- Problem requirements
Using the listing below, print the line containing "Hushmat Silencer Megabond", the line containing "昭和レトロ研究所　武蔵野台どうぶつケーキ「ジャスマン洋菓子店」", and each line between them, exactly and nothing else. Pictures stay out of the print.

- Information supplied

##########

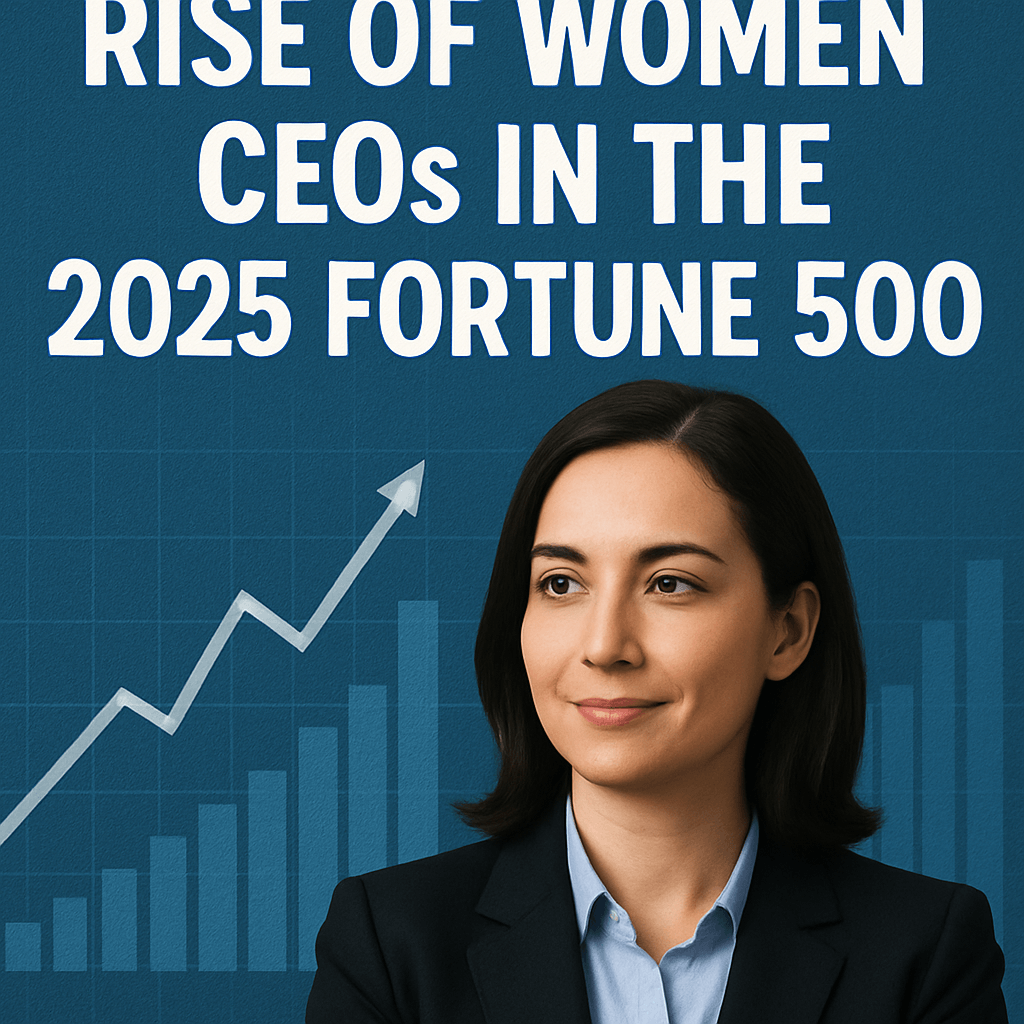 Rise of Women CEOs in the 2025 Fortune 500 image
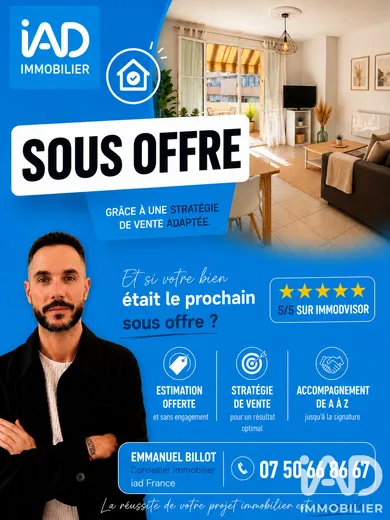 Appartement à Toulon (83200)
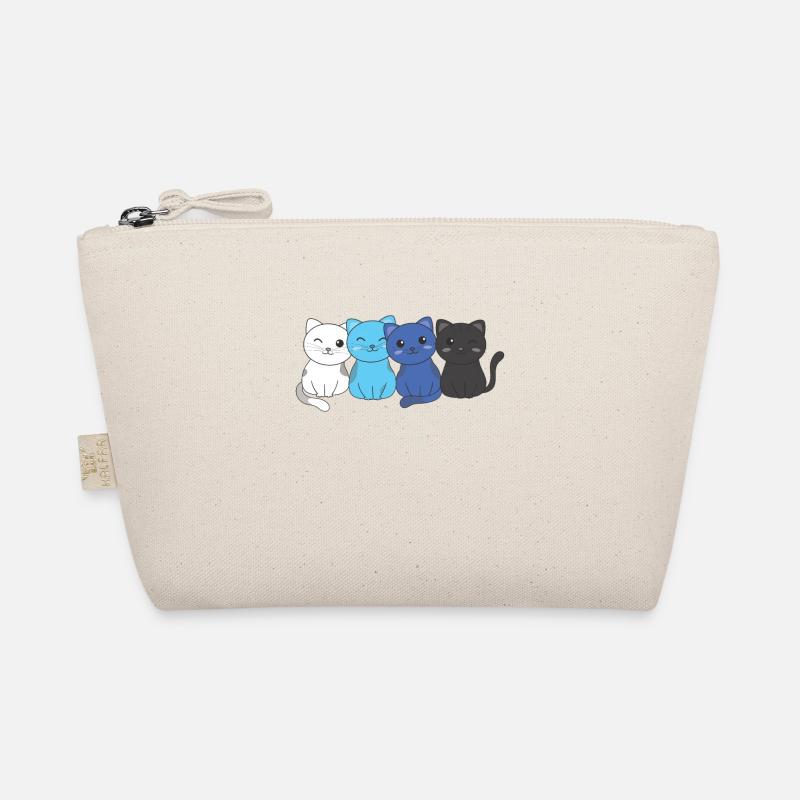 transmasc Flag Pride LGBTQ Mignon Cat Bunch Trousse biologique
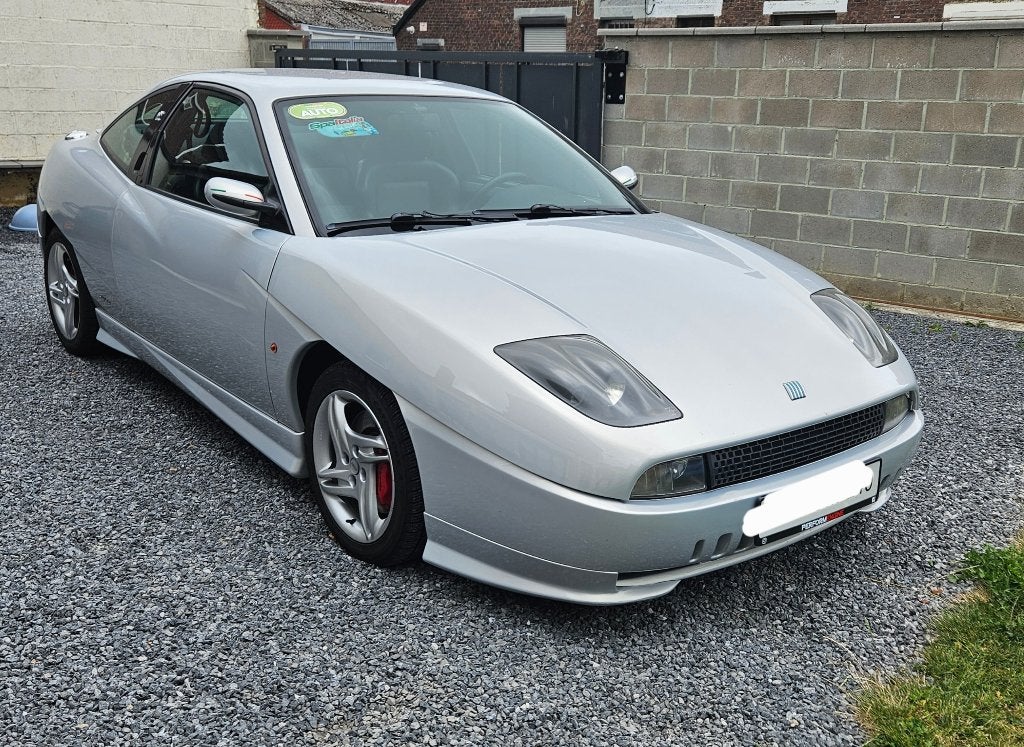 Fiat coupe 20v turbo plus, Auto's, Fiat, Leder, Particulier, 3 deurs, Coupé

##########

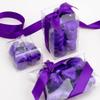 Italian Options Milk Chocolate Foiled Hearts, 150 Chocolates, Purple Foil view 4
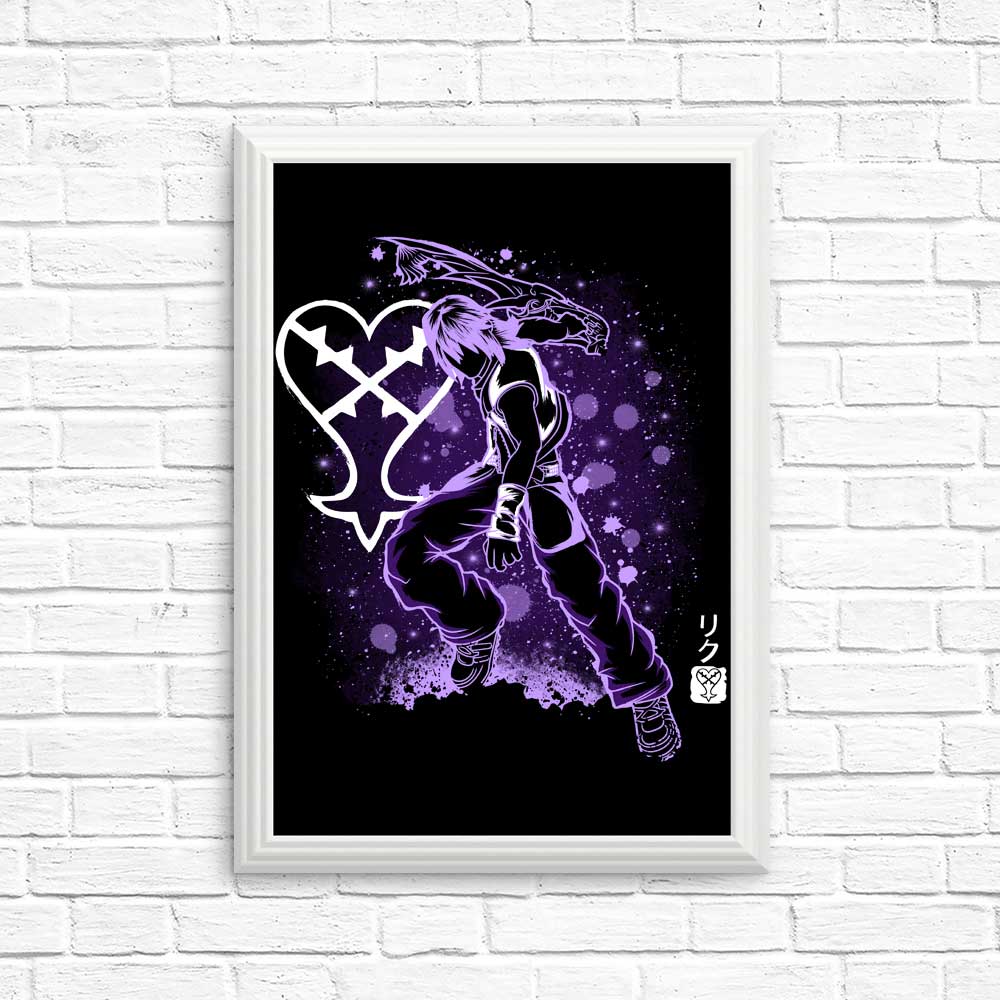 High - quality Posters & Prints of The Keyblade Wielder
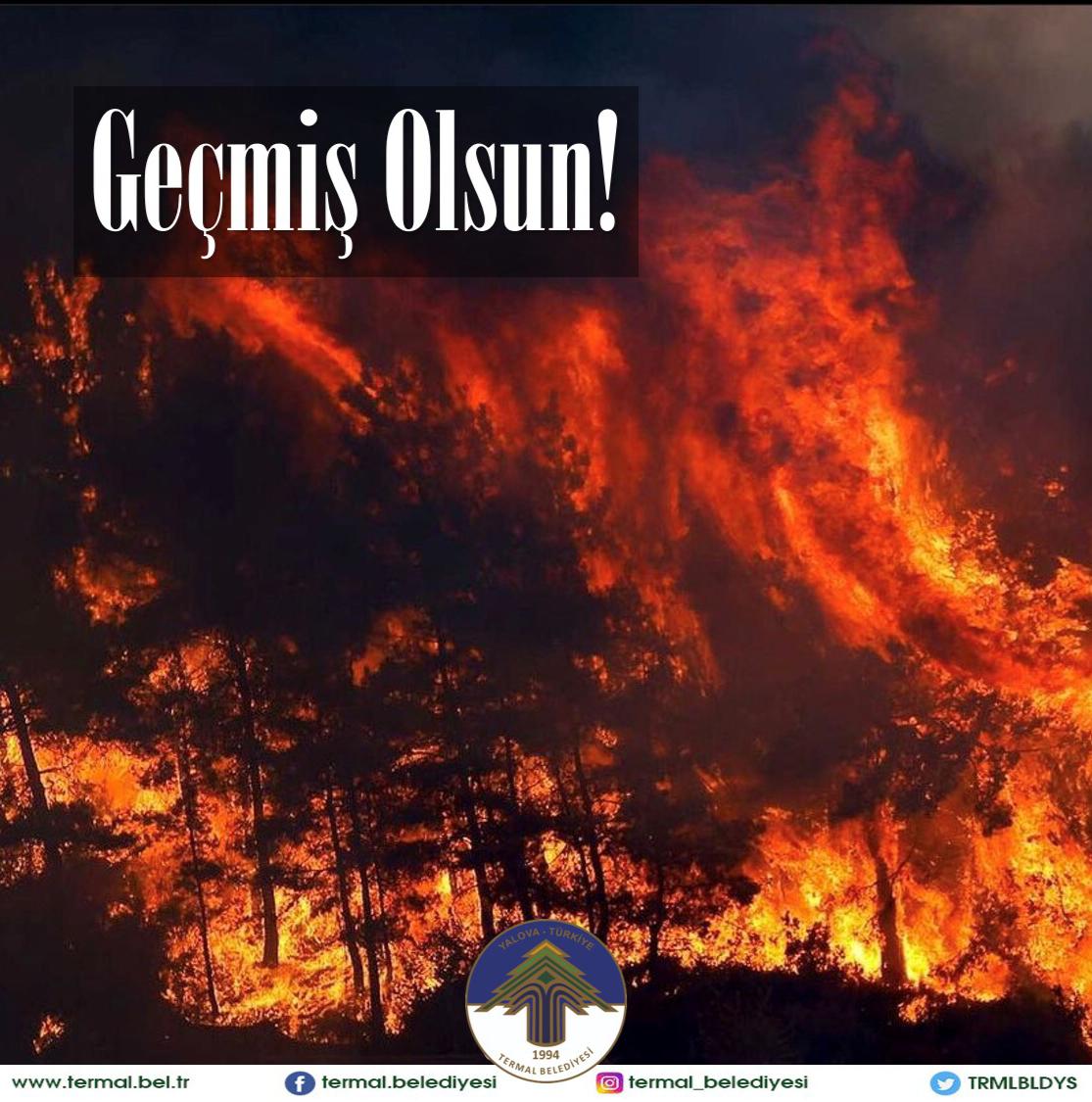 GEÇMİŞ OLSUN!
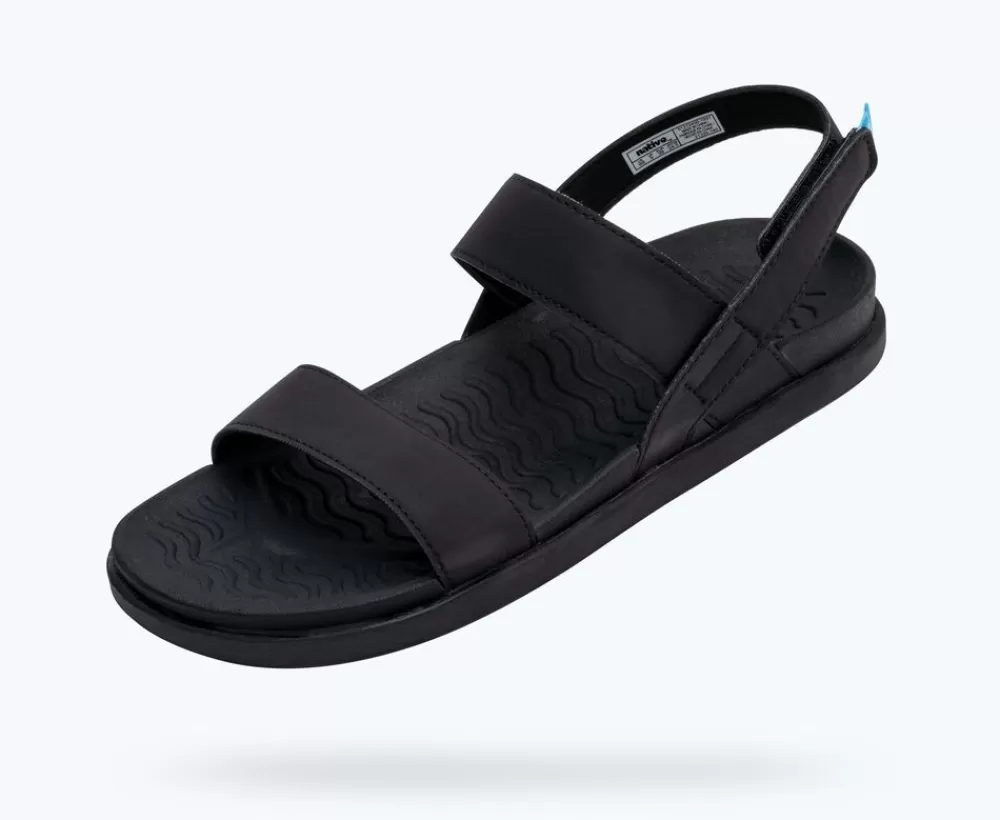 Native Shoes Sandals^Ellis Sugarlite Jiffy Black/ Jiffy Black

##########

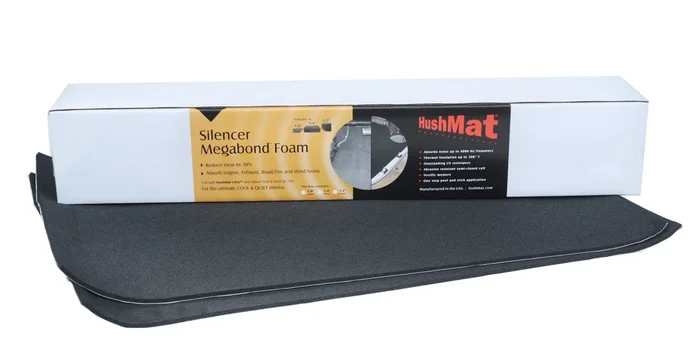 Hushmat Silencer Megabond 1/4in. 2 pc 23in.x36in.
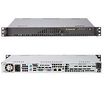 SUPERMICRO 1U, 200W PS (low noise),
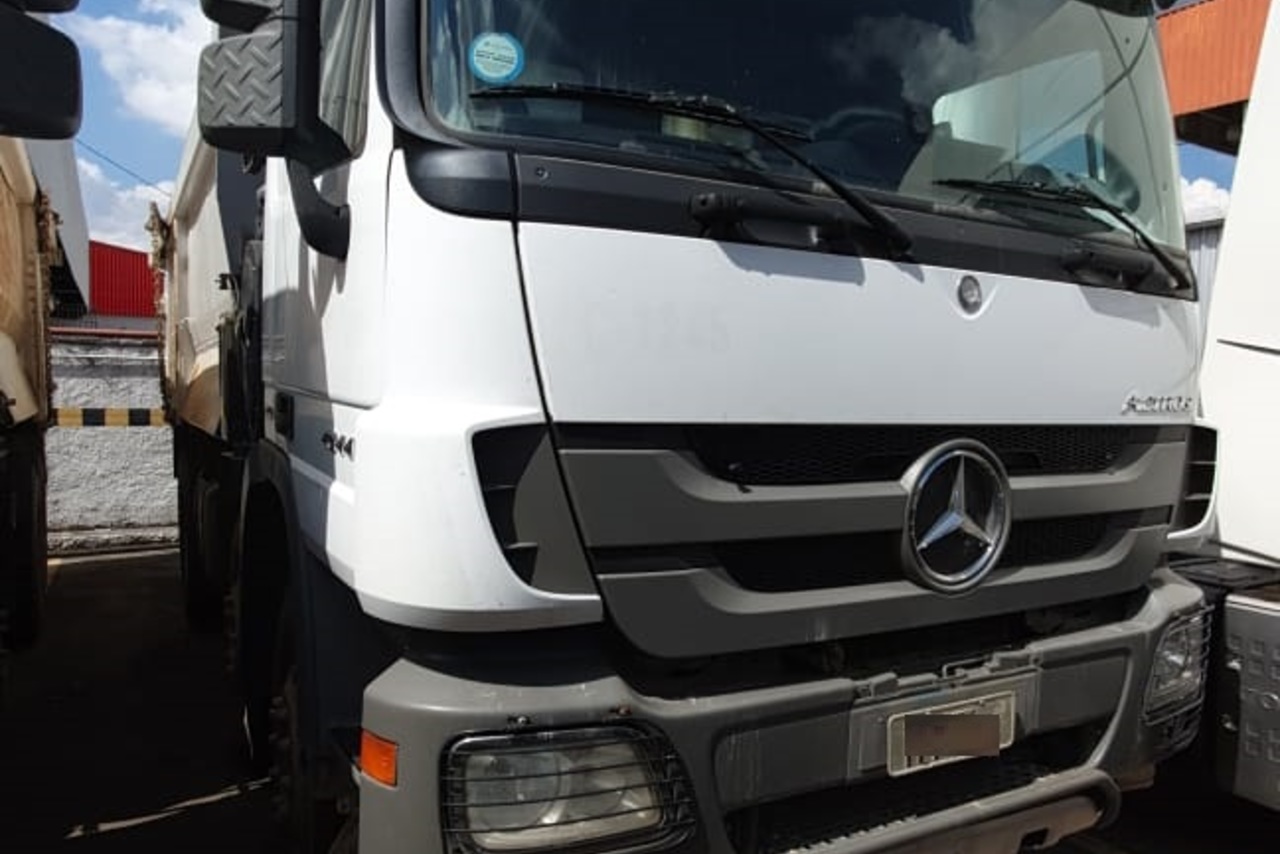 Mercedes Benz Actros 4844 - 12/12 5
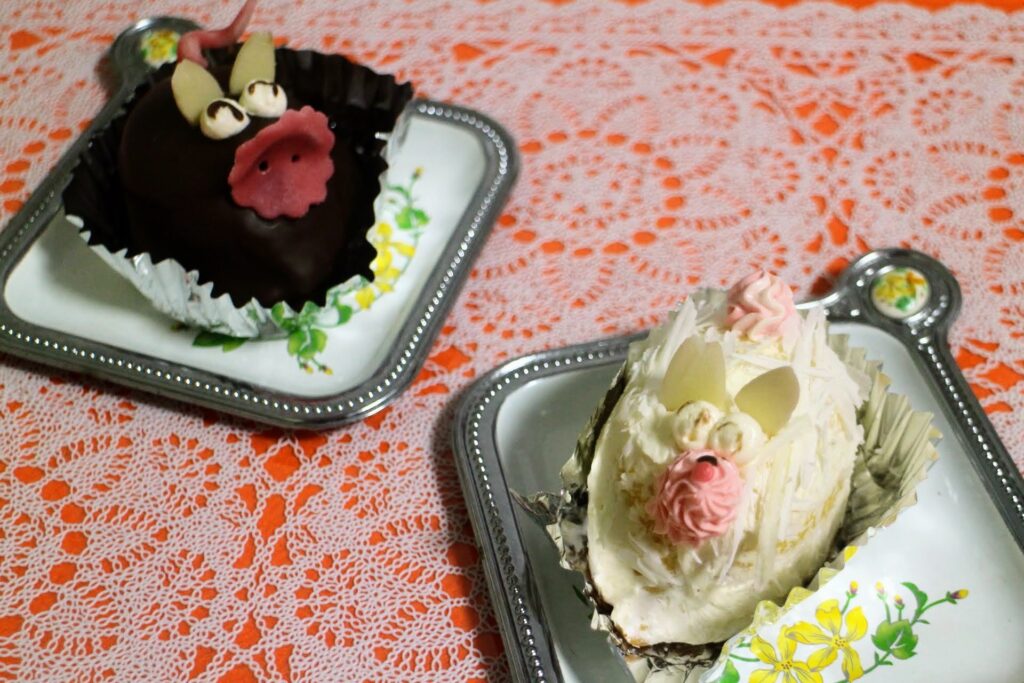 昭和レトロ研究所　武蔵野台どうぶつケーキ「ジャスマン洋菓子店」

##########

- Solution to this task
 Hushmat Silencer Megabond 1/4in. 2 pc 23in.x36in.
 SUPERMICRO 1U, 200W PS (low noise),
 Mercedes Benz Actros 4844 - 12/12 5
 昭和レトロ研究所　武蔵野台どうぶつケーキ「ジャスマン洋菓子店」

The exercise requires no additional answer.